毒檔做到如此明目張膽,明買明賣,七喜表示也是前所未見。「呢個梗檔係 14K生意,呢行十分出位,雖然做到揚,但因為在鬧市,交通便利,個位又四通八達,容易散水,十分安全,所以好多客慕名幫襯。」記者所見,客路廣得令人咋舌,有古惑仔、啤酒妹、也有 OL、師奶、中年阿伯、南亞裔人士,甚至外籍西裝友、黑人,可見此毒網覆蓋面極大,伸延到很多階層。
長沙街毒網角色表
天文台嚴密監視
記者監視發現,梗檔附近有一個洗車檔,泊在路邊的私家車、七人車完全遮著梗檔,猶如屏障,「揸雷」與客人交收毒品,外人很難看到,加上長沙街兩邊路口都有「天文台」睇水,若有警察和可疑人走近,兩邊天文台會大喊暗號,通知揸雷小心,暫停交易,離開現場。
「上面有曬指引,萬一差人冚檔,揸雷要即時吞曬毒品,逃跑到附近的賓館,扣喉嘔毒品出來,如果唔得,就再食瀉藥。

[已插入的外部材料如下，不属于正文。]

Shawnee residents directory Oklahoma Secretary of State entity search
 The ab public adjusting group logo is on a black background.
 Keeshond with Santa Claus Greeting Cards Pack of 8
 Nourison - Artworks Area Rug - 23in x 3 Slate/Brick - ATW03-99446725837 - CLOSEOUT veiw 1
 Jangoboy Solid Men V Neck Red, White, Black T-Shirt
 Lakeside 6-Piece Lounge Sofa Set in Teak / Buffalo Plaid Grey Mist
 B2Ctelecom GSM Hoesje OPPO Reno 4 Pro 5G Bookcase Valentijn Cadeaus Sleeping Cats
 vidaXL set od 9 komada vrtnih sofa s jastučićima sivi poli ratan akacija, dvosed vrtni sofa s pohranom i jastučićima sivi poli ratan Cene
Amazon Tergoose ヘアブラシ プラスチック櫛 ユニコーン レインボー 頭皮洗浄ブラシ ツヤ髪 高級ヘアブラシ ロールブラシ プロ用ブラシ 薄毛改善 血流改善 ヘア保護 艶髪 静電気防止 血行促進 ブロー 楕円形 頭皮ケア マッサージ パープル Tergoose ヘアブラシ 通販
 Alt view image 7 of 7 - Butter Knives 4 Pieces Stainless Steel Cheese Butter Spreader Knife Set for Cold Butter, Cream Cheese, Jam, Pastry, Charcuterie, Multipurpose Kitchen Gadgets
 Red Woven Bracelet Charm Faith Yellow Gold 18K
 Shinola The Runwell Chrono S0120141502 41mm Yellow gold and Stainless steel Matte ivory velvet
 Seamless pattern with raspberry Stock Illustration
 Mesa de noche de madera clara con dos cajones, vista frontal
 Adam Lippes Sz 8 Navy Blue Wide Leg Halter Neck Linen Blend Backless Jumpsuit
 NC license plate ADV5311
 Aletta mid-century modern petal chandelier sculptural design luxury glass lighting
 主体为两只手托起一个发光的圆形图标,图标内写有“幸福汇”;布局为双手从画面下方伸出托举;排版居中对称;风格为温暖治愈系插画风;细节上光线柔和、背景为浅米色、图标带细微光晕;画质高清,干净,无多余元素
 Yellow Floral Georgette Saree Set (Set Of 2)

啲客知汙糟,但有毒癮的人係無尊嚴,為咗吸毒咩都唔介意,因為典癮時比死更難受。」
七喜指出,這個販毒集團之所以如此明目張膽運作,皆因設老總、飛機仔(運送毒品)、揸雷、天文台四職,每個部門通過仔細的分工,精密的組織,令警方難以追查。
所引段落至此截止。